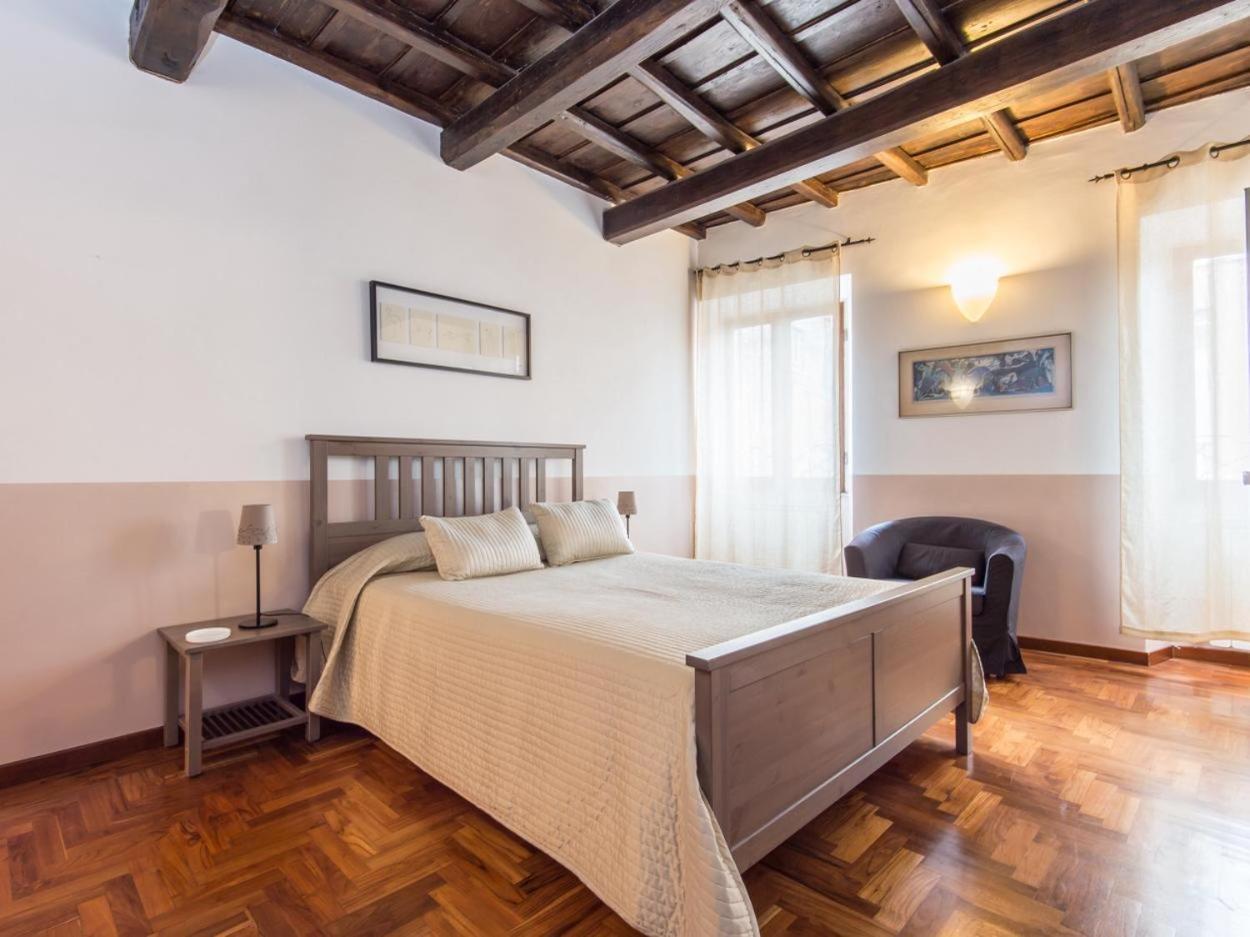 Spacious 2br In The Historic Center Apartment Rome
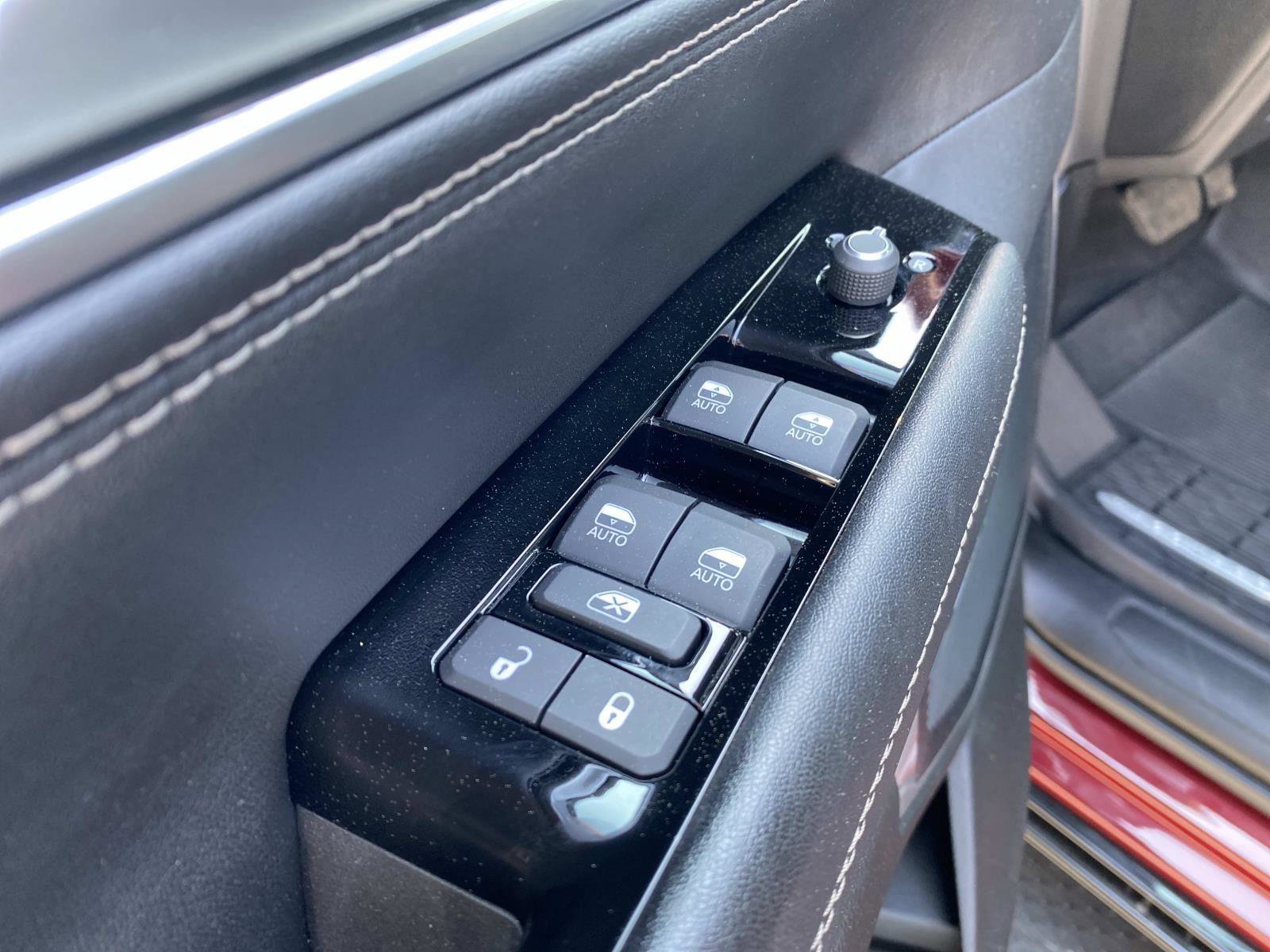 Certified 2024 Jeep Wagoneer Series II w/ Convenience Group I image 23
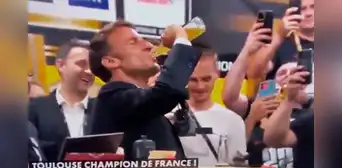 Presidente de Francia sorprende al beber una botella de cerveza en segundos en evento público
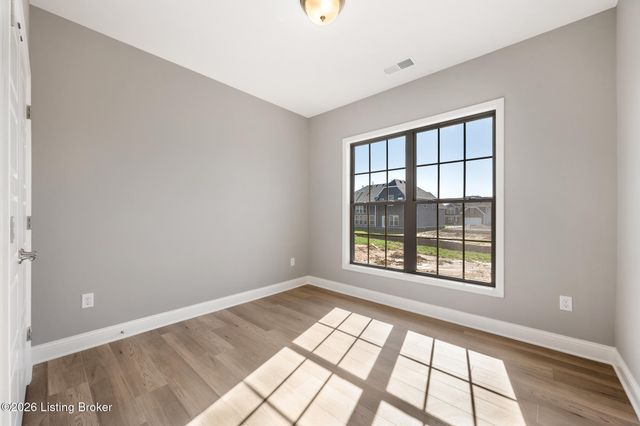 3606 Ringing Bell Ln, Louisville, KY 40245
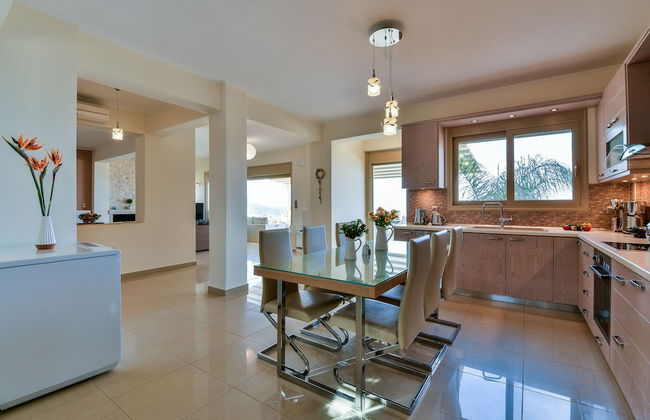 Villa with Striking views over the infinity Pool - Foto 13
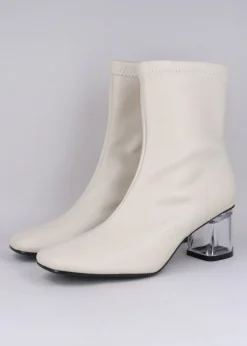 Botín tacón transparente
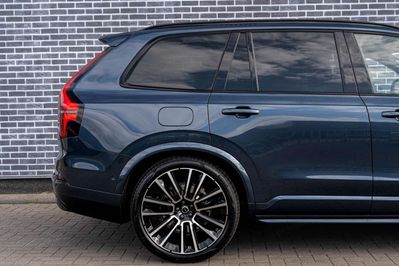 Volvo XC90 B5 AWD Ultra Dark 7os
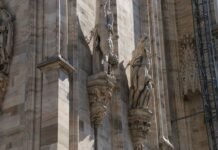 Las mantis religiosas gigantes colonizazan España: una nueva realidad entomológica en la Península Ibérica a building with statues on the side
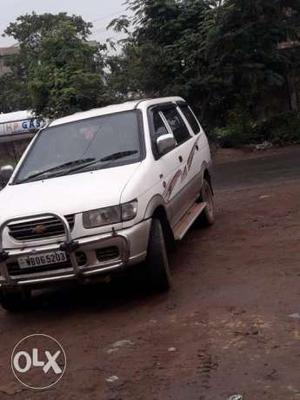  Chevrolet Tavera diesel  Kms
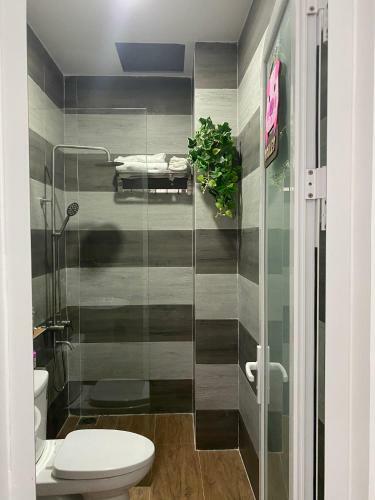 Th�nh T�nh Hotel Ph� Y�n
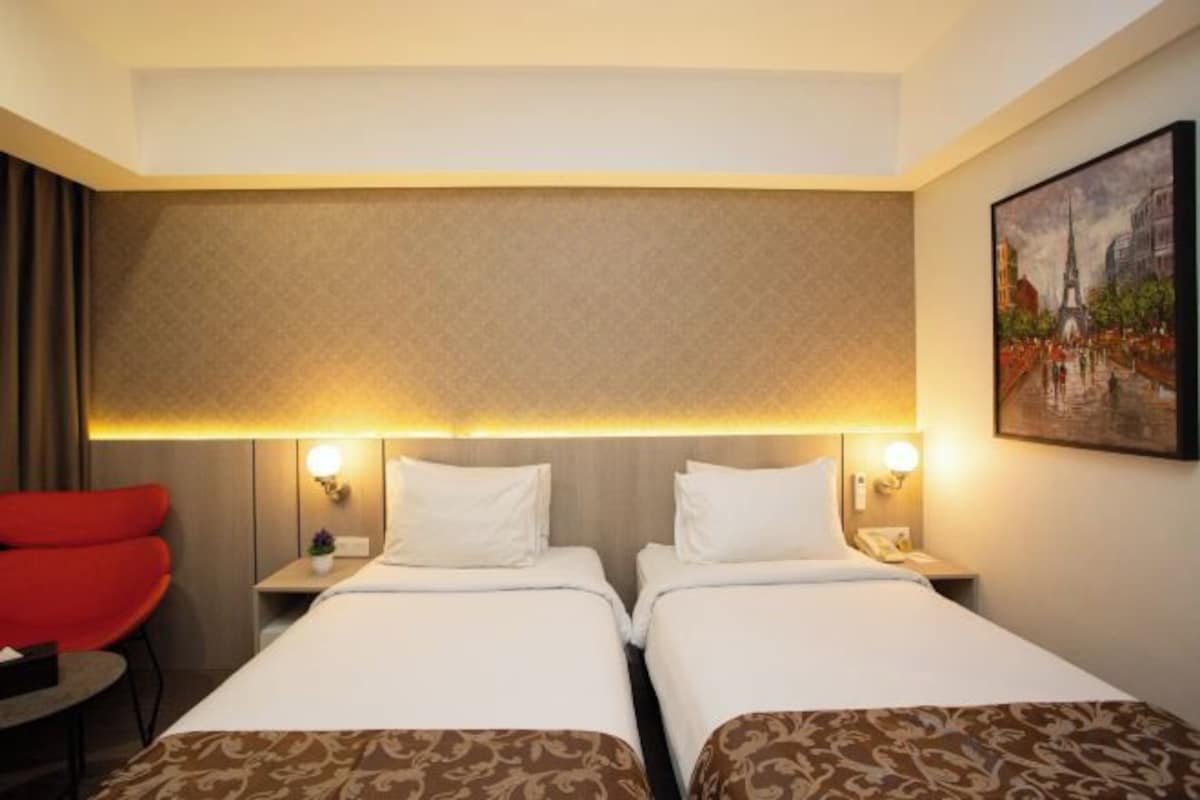 Premium bedding, in-room safe, desk, iron/ironing board (on request)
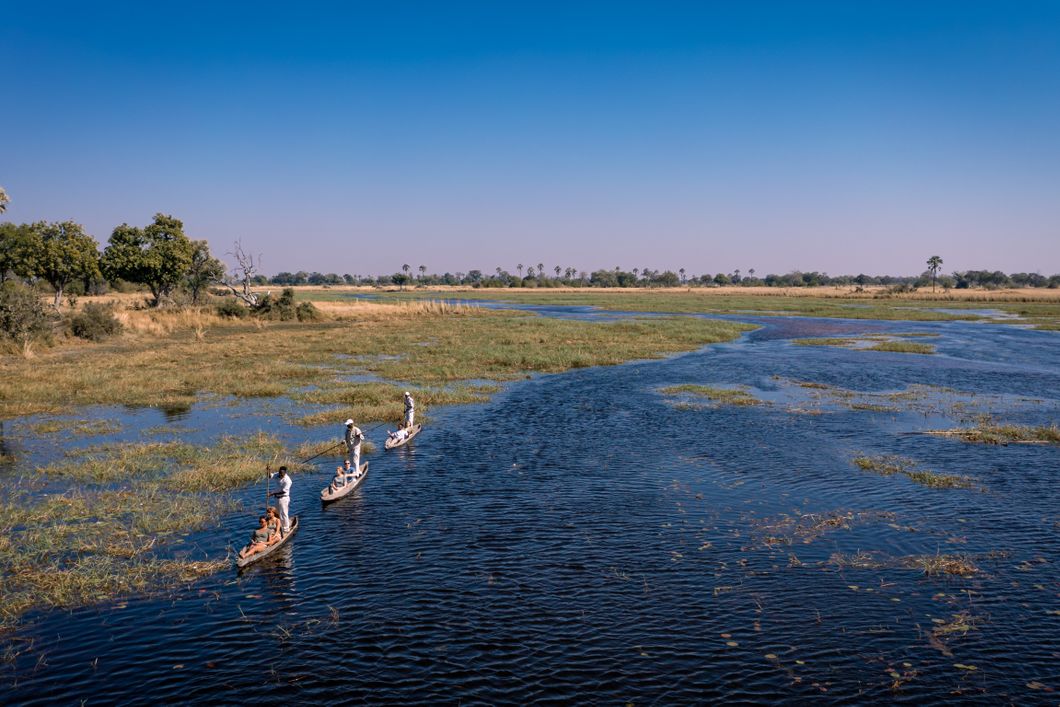 botswana-safari-adventure-mokoro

▶ [Work to complete] Copy out the lines above unchanged. Skip the images.

▶ [Solution for this exercise]
 Spacious 2br In The Historic Center Apartment Rome
 Certified 2024 Jeep Wagoneer Series II w/ Convenience Group I image 23
 Presidente de Francia sorprende al beber una botella de cerveza en segundos en evento público
 3606 Ringing Bell Ln, Louisville, KY 40245
 Villa with Striking views over the infinity Pool - Foto 13
 Botín tacón transparente
 Volvo XC90 B5 AWD Ultra Dark 7os
 Las mantis religiosas gigantes colonizazan España: una nueva realidad entomológica en la Península Ibérica a building with statues on the side
  Chevrolet Tavera diesel  Kms
 Th�nh T�nh Hotel Ph� Y�n
 Premium bedding, in-room safe, desk, iron/ironing board (on request)
 botswana-safari-adventure-mokoro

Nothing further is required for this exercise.